There is some concern that widespread financial regulations like Basel III may lead economies to lose sight of FinTech innovation and overall economic growth. Corporates in particular are struggling with some of these financial reforms, according to research from the U.S. Chamber of Commerce released last year. Nearly 80 percent of businesses surveyed in that report said they have taken some type of measure to make up for the cost of compliance, with Basel III cited as having the greatest negative impact for businesses.
Basel III is a set of voluntary rules that impact banks’ risk management and capital requirements, among other things, and could lead to corporate challenges in accessing bank financing.

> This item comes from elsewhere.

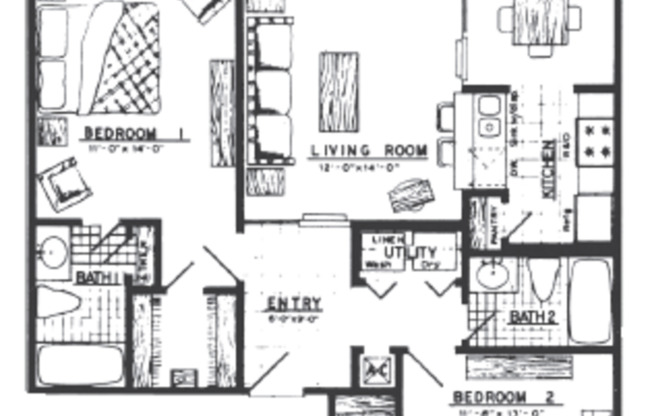 2 beds, 2 baths, 982 sqft, $1,058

But a new whitepaper from corporate cash management firm Cashfac Technologies, published earlier this month, offers a new spin on the impact of regulations like Basel III on corporate treasurers. According to the firm’s report, “Virtual Accounts: Turning Adversity Into Advantage,” reforms like Basel III may actually promote banks’ adoption of financial technologies, ultimately improving business customers’ cash management capabilities.
“Regulatory changes such as Basel III mean that banks need to address core areas of their governance and compliance activities,” the paper stated. “But regulation is also an opportunity. A chance for banks to refocus products and services to respond to what business customers want — greater control, better visibility and processes that are more efficient and cost-effective.”
Key to grasping that opportunity, Cashfac declared, are virtual bank accounts and their use of innovative banking technology to help companies digitally manage their cash. The banking sector is moving away from offering a simple, straightforward view via statements and transaction data, Cashfac noted. Today, businesses need a more sophisticated view of their cash positions and a broader array of payments and financial services.
For corporates, virtual banking leads to some clear benefits, including a single, streamlined view of finances, a way to more efficiently manage financial documents like invoices and payroll, easier auditing, payment and accounting automation and a stronger grasp of financial data analytics. For banks, however, the benefits are just as diverse. Cashfac pointed to the lower costs of virtual banking for a financial institution, the ability to offer more tailored solutions to corporate clients and a stronger relationship with customers.
All of that indeed leads to a stronger competitive position for a bank, but, Cashfac noted, virtual banking services enable a FI to adhere to Basel III rules and to be more agile in responding to Basel III demands like reporting and notional pooling.
For its report, Cashfac spoke to several players in the corporate banking landscape, including Nick Morrissey, director of client integration and digital client access at Barclays Corporate.
Virtual accounts, he said, “have proved valuable in helping our clients take a more holistic approach to cash management.” They can configure themselves to corporates’ complex financial needs, which vary across industry, he said. And while virtual accounts can certainly aid in Basel III compliance, Morrissey noted that there are broader opportunities at play.
“While virtual accounts help to overcome many of the problems arising from Basel III, the real issue is far wider than client money management,” he told Cashfac. “For us, it’s more about combining this with other payment, reporting and receipt management. This is where there is an opportunity for banks to build interesting propositions [and] when we use our experience to combine this with a technology platform that is easy to use. This is then an attractive business proposition that clients want to use.”
According to Cashfac, virtual accounts are the best way for a bank to meet contemporary challenges — “maintain traditions while championing change for the customer.” Apprehension is growing across the financial services space with regards to the impact regulation will have, especially when it comes to Basel III. Coupled with the threat of emerging FinTech competitors, banks must deploy agile, digital solutions — to “think like a FinTech” — to survive these challenges, Cashfac concluded.